Let $G_f$ be the residual network when line 7 is reached. When we reach line 7, $G_f$ contains no augmenting path with capacity at least $K$. Therefore, a maximum flow $f'$ in $G_f$ has value $|f'| < K|E|$. Then, by the max-flow min-cut theorem, a minimum cut in $G_f$ has capacity less than $K|E|$.

e.
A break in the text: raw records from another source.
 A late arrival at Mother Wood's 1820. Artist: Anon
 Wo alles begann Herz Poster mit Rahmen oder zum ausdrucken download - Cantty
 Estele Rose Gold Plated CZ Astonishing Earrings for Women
By part (d), when line 4 is reached, the capacity of a minimum cut of $G_f$ is at most $2K|E|$, and thus the maximum flow in $G_f$ is at most $2K|E|$. The following lemma shows that the value of a maximum flow in $G$ equals the value of the current flow $f$ in $G$ plus the value of a maximum flow in $G_f$.

Lemma

Let $f$ be a flow in flow network $G$, and $f'$ be a maximum flow in the residual network $G_f$. Then $f \uparrow f'$ is a maximum flow in $G$.

Proof

By the max-flow min-cut theorem, $|f'| = c_f(S, T)$ for some cut $(S, T)$ of $G_f$, which is also a cut of $G$. By Lemma 26.4, $|f| = f(S, T)$. By Lemma 26.1, $f \uparrow f'$ is a flow in $G$ with value $|f \uparrow f'| = |f| + |f'|$. We will show that $|f| + |f'| = c(S, T)$ which, by the max-flow min-cut theorem, will prove that $f \uparrow f'$ is a maximum flow in $G$.

We have

$$ \begin{aligned} |f| + |f'| & = f(S, T) + c_f(S, T) \\ & = \Bigg( \sum_{u \in S} \sum_{v \in T} f(u, v) - \sum_{u \in S} \sum_{v \in T} f(v, u) \Bigg) + \sum_{u \in S} \sum_{v \in T} c_f(u, v) \\ & = \Bigg( \sum_{u \in S, v \in T} f(u, v) - \sum_{u \in S, v \in T} f(v, u) \Bigg) + \Bigg( \sum_{u \in S, v \in T, (u, v) \in E} c(u, v) - \sum_{u \in S, v \in T, (u, v) \in E} f(u, v) + \sum_{u \in S, v \in T, (v, u) \in E} f(v, u) \Bigg). \end{aligned} $$

Noting that $(u, v) \notin E$ implies $f(u, v) = 0$, we have that

$$\sum_{u \in S, v \in T} f(u, v) = \sum_{u \in S, v \in T, (u, v) \in E} f(u, v).$$

Similarly,

$$\sum_{u \in S, v \in T} f(v, u) = \sum_{u \in S, v \in T, (v, u) \in E} f(v, u).$$

Thus, the summations of $f(u, v)$ cancel each other out, as do the summations of $f(v, u)$. Therefore,

$$ \begin{aligned} |f| + |f'| & = \sum_{u \in S, v \in T, (u, v) \in E} c(u, v) \\ & = \sum_{u \in S} \sum_{v \in T} c(u, v) \\ & = c(S, T). \end{aligned} $$

By this lemma, we see that the value of a maximum flow in $G$ is at most $2K|E|$ more than the value of the current flow $f$ in $G$. Every time the inner while loop finds an augmenting path of capacity at least $K$, the flow in $G$ increases by at least $K$. Since the flow cannot increase by more than $2K|E|$, the loop executes at most $(2K|E|) / K = 2|E|$ times.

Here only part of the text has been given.